Input records Block Start
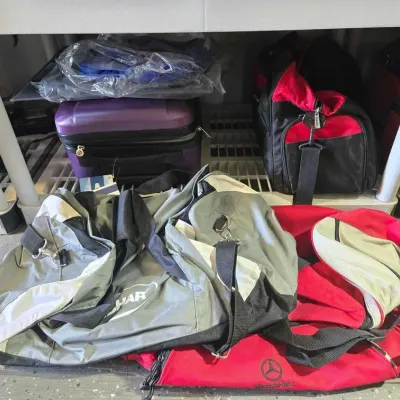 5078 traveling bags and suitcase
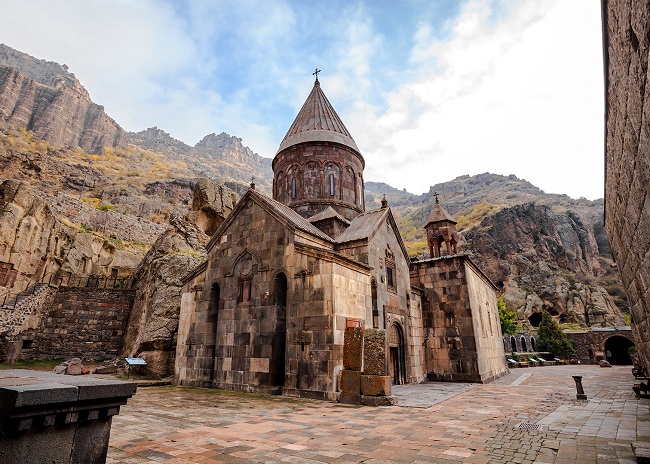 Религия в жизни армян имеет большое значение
Input records Block End
Input records Block Start
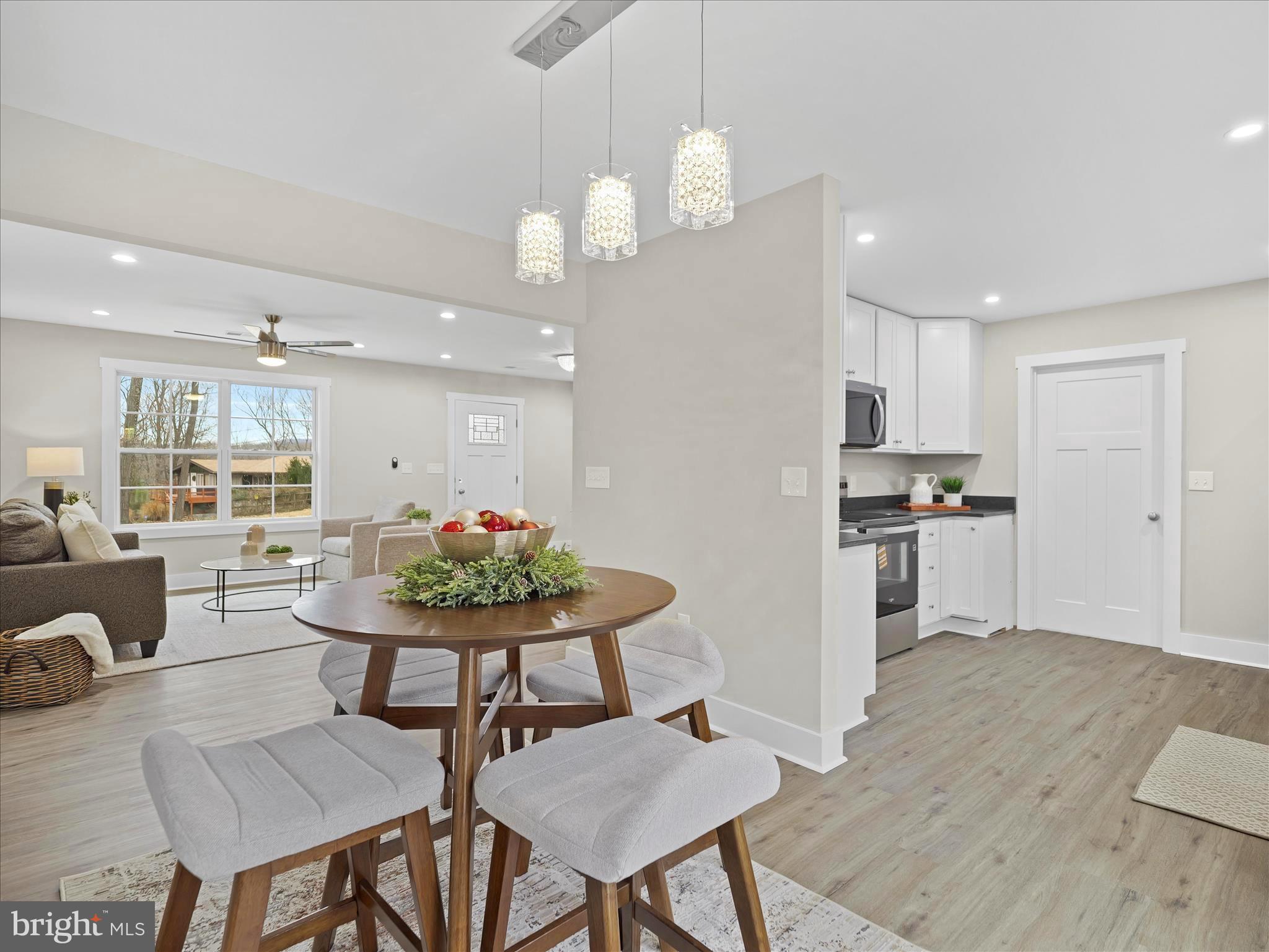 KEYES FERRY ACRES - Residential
Input records Block End
Using the entries above, write out exactly the lines from the one with "5078 traveling bags and suitcase" through the one with "Религия в жизни армян имеет большое значение", ends included. Leave out any pictures.

 5078 traveling bags and suitcase
 Религия в жизни армян имеет большое значение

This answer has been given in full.